**Exercise aim**
The required output is the lines from the one with "2012-2016 VAUXHALL COMBO" through the end of the data, repeated verbatim, with no pictures included.

(Web page caption snippets)
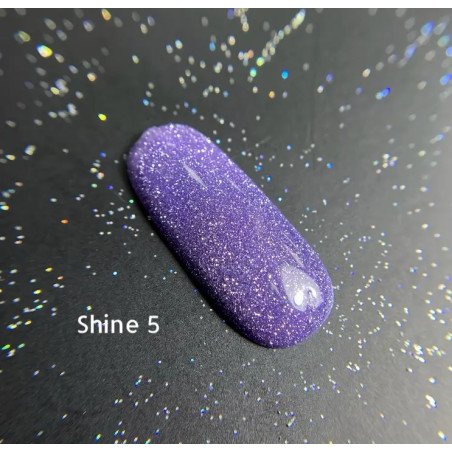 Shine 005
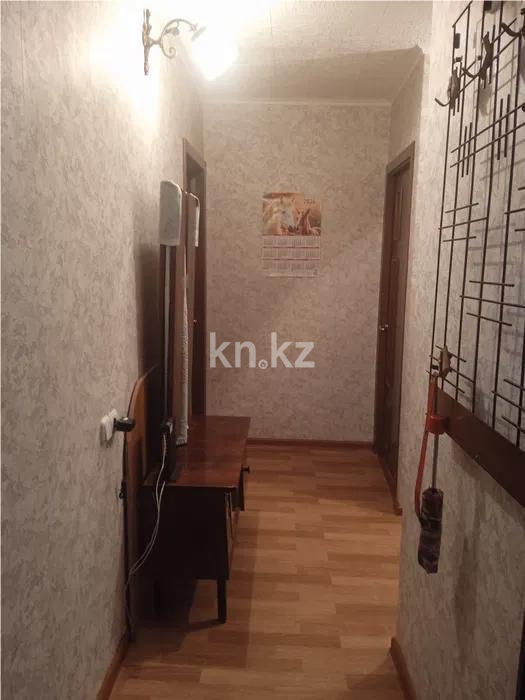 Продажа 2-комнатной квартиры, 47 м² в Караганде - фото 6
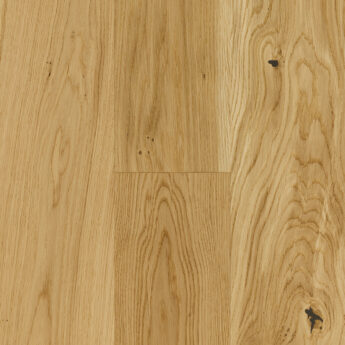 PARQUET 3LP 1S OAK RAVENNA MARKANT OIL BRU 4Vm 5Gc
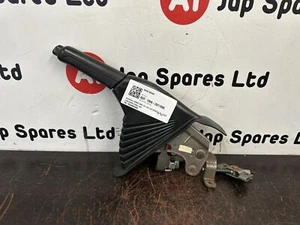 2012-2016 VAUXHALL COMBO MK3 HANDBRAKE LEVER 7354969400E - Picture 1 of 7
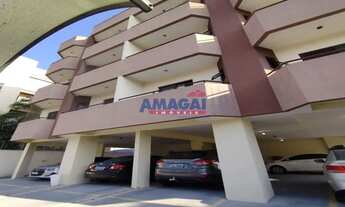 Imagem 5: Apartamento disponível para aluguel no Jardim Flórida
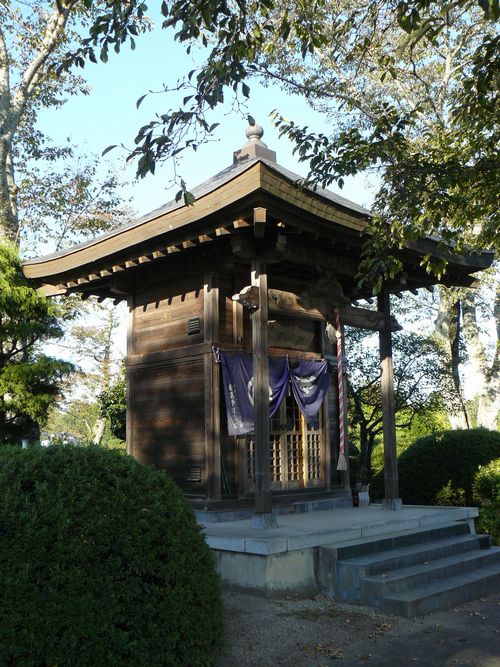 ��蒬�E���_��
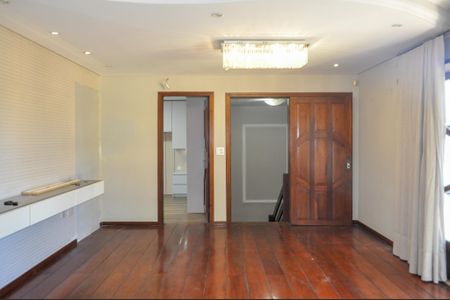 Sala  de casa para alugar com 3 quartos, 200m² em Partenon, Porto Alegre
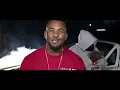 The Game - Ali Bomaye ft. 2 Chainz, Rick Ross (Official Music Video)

**Result below**
 2012-2016 VAUXHALL COMBO MK3 HANDBRAKE LEVER 7354969400E - Picture 1 of 7
 Imagem 5: Apartamento disponível para aluguel no Jardim Flórida
 ��蒬�E���_��
 Sala  de casa para alugar com 3 quartos, 200m² em Partenon, Porto Alegre
 The Game - Ali Bomaye ft. 2 Chainz, Rick Ross (Official Music Video)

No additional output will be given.